In a recent blog, Larry Bodine, a web and marketing guru, offers great advice to business owners when choosing the “look” of their logo/trademark. He provides information as to how some large companies came to adopt their famous marks, their investment expenses along with examples of famous logo faux pas. Larry’s blog re-enforces a message I have offered [Earlier Blog] as to how important it is to select your logo/trademark with care. [See Also]
When advising my small business clients about what to consider when they adopt a trademark or service mark, I urge them to look for strong characteristics in the mark that will help to differentiate them from their competitors. In the case of word marks, the farther you get from using descriptive terms, the stronger and more protectable your mark will be.
If having a logo is an important part of your brand development, I suggest that you consider your design carefully, with an eye toward selecting a strong mark, so that you can effectively protect it against competitors. One company has learned the hard way that even with a service mark logo successfully registered with the United States Patent and Trademark Office (USPTO), it could not prevent a direct competitor from using a similarly designed mark.
Here are the bare facts. Amazing Spaces, a self storage company in Houston, Texas, registered with the USPTO a five-pointed star in a circle as one of its marks. Its rival in the same geographic market, Metro Mini Storage, adopted a five-pointed star in a circle for its service mark. Metro Mini refused to back down when Amazing Spaces demanded it cease and desist. You might think this is a no brainer. The registered mark should win, right? Well according to the Fifth Circuit Court of Appeals, Amazing Spaces had a non-protectable mark and dismissed the claim against Metro Mini. The Court’s reasoning is important and goes to the core of what really constitutes a trade mark.
A trademark exists only if in the mind of Ms. Q. Public, it successfully acts as an identifier of the source of the goods or services being sold. In the case of a logo, it is important to avoid adopting ordinary geometric shapes because they can be considered by a consumer as mere decoration.

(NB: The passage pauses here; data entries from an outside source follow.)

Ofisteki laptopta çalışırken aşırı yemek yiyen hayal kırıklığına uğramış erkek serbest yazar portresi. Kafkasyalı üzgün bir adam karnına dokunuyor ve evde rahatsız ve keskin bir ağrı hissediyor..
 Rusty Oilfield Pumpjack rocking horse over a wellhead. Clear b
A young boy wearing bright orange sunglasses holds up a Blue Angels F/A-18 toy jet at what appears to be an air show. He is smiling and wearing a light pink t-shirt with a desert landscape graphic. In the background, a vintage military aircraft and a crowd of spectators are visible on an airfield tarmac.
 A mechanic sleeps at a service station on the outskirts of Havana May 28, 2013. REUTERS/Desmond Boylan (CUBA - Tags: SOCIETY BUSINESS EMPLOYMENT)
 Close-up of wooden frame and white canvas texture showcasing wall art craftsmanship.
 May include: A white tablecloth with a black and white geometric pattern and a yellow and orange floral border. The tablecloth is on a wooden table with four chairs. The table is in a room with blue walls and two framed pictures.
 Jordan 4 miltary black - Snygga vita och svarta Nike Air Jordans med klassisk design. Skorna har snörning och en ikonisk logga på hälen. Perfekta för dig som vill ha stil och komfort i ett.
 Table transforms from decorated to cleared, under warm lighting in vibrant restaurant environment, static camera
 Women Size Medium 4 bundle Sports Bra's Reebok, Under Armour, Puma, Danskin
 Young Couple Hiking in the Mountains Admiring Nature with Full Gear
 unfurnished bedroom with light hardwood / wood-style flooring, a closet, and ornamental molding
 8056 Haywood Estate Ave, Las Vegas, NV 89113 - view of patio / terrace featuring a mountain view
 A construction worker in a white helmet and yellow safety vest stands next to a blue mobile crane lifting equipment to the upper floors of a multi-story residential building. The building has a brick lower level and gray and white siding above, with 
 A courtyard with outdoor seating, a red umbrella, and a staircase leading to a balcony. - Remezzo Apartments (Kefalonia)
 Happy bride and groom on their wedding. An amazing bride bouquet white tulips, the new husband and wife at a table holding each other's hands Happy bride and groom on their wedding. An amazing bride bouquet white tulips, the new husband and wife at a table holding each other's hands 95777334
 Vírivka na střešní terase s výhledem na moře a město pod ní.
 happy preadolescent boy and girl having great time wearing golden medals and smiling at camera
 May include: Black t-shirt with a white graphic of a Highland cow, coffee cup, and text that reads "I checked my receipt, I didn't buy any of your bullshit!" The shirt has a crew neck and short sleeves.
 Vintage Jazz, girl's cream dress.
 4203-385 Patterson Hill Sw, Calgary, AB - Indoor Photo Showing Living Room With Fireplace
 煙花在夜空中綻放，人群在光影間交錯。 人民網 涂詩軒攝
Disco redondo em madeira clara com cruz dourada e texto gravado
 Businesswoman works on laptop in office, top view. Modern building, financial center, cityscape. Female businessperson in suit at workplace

Even if you successfully were to register such a logo with the USPTO, it later could be cancelled by a challenger under the theory that the design or symbol you adopted was common and likely to be perceived by consumers as ornamentation rather than indicating you as the source of the goods or services. The only way you could defend your mark against such an attack would be by proving that it had acquired “secondary meaning.” In other words, consumers viewing the mark know it refers to you, in the way that the swoosh means NIKE. So while NIKE’s simple curved bar shaped logo upon its introduction in the 1970’s may not have withstood a challenge similar to that raised by Metro Mini, due to NIKE’s longstanding promotional efforts, the swoosh has acquired the necessary secondary meaning.
The clear lesson is that even in the case of a big player like NIKE, having simple geometric shapes acquire the strength to withstand a direct challenge by a competitor could depend on how much time and money you have spent in getting the public to understand that the logo is not merely ornamentation but stands for you.
If you were considering the adoption of a logo for your goods or services, what characteristics would you want the design to have? Do you have any war stories to share related to selecting your logo?